Afganistan’ın temelleri İran Şahı Nadir Afşar’ın 1747’de öldürülmesiyle bağımsızlığını ilan eden Afgan aşiretleri tarafından Durraniler Abdali aşiretinden Ahmet Han’ın şah seçilmesiyle atılmıştır.

Ahmet Şah; Gazne, Herat, Peşaver, Kabil ve Kandahar’da bağımsız yaşayan aşiretleri tek çatı altında toplayarak Afgan birliğini oluşturmuş.

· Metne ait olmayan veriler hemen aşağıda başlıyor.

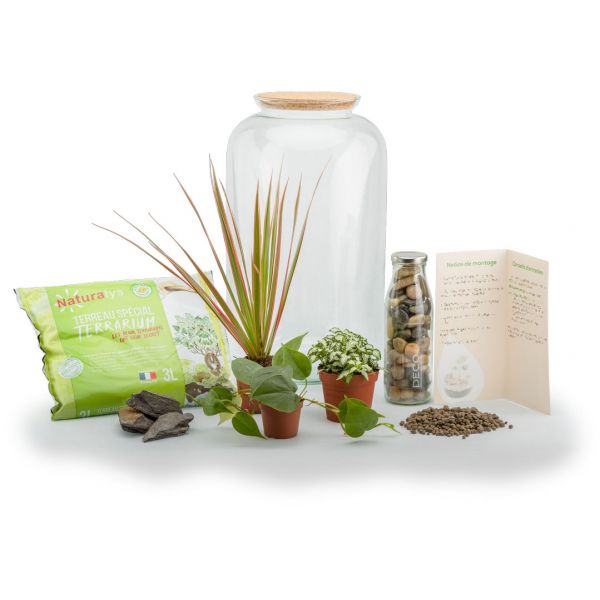 Kit terrarium plantes Bonbonne mix - NAT-0123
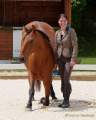 Pferd International 2022 - Vorschau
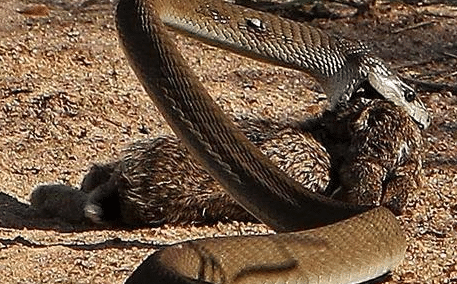 「毒蛇」世界四大毒蛇, 中国的最贵, 印度的最长!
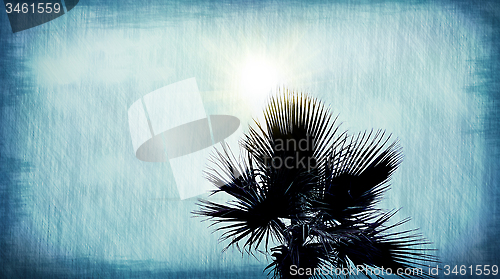 Image of Palm tree abstract blue grunge background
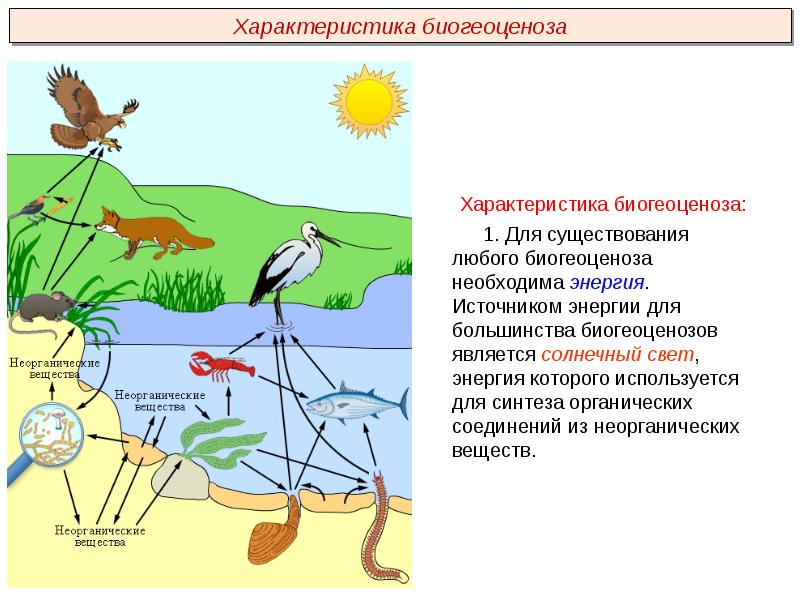 Презентация на тему экосистемы казахстана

1947’de mevcut Afgan toprakları üzerinde ve bir kesim Hindistan kara parçası üzerinde İngilizlerce Pakistan’ın temelleri atılırken bir kısım Afgan toprakları Pakistan’a geçmiş oldu. Bu da bir anlamda Afganistan’ın deniz yolu bağlantısını kesmek anlamına geliyordu. Ülkenin zayıflatılması böyle başladı.

Dünya’nın mikseri İngilizler Afganistan, Pakistan ve Hindistan’ı kendi çıkarları doğrultusunda yönettiğinden, bu üç ülke arasında barış rüzgârları asla esmemeliydi.  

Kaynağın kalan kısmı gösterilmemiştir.